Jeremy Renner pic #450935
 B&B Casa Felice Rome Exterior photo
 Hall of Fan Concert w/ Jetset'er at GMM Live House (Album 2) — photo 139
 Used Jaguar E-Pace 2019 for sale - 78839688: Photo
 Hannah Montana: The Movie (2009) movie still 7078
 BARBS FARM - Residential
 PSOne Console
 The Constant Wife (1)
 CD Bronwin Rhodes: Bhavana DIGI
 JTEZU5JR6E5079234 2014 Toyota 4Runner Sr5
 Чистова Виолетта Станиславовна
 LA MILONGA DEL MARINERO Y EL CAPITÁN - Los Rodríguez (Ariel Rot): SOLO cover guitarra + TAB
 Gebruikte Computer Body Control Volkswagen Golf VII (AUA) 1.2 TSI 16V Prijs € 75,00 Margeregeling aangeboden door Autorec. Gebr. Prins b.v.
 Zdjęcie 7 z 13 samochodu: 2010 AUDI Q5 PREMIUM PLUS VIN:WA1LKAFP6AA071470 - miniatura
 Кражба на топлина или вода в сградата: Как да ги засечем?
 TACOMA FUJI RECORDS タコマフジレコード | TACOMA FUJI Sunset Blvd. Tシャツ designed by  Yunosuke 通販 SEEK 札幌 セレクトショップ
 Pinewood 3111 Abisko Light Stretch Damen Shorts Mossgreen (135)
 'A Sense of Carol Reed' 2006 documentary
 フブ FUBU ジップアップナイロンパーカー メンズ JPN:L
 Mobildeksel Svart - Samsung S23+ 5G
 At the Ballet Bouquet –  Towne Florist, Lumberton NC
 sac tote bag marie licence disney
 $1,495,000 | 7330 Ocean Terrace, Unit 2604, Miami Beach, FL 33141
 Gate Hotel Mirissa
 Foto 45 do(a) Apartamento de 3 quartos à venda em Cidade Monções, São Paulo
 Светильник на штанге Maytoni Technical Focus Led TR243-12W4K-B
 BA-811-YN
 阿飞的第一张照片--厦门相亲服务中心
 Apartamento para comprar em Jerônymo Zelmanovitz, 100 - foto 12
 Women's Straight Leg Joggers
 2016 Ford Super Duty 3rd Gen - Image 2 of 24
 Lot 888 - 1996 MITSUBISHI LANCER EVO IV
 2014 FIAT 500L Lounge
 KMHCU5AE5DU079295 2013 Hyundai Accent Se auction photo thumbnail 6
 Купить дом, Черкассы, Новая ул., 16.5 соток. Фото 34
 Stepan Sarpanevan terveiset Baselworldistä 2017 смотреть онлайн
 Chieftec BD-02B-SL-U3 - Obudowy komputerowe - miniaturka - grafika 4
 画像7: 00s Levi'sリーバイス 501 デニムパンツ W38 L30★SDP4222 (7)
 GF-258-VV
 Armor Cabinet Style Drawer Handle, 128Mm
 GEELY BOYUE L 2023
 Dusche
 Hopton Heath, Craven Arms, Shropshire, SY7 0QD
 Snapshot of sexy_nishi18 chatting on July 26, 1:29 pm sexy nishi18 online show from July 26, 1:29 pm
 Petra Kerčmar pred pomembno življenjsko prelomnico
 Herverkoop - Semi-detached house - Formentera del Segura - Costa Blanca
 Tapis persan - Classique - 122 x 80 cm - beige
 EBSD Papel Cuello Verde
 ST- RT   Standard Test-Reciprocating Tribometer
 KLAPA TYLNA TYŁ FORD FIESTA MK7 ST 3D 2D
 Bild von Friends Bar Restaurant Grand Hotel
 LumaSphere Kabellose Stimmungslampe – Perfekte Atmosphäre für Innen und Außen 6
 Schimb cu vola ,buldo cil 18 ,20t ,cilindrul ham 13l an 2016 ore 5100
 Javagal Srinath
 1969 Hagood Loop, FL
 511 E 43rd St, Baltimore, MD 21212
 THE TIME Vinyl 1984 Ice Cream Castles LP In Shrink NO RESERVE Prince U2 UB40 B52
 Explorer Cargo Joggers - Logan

_____

What to do: Find the string "Joggers" in the listing and copy every line in which it occurs.

Task response:
 Women's Straight Leg Joggers
 Explorer Cargo Joggers - Logan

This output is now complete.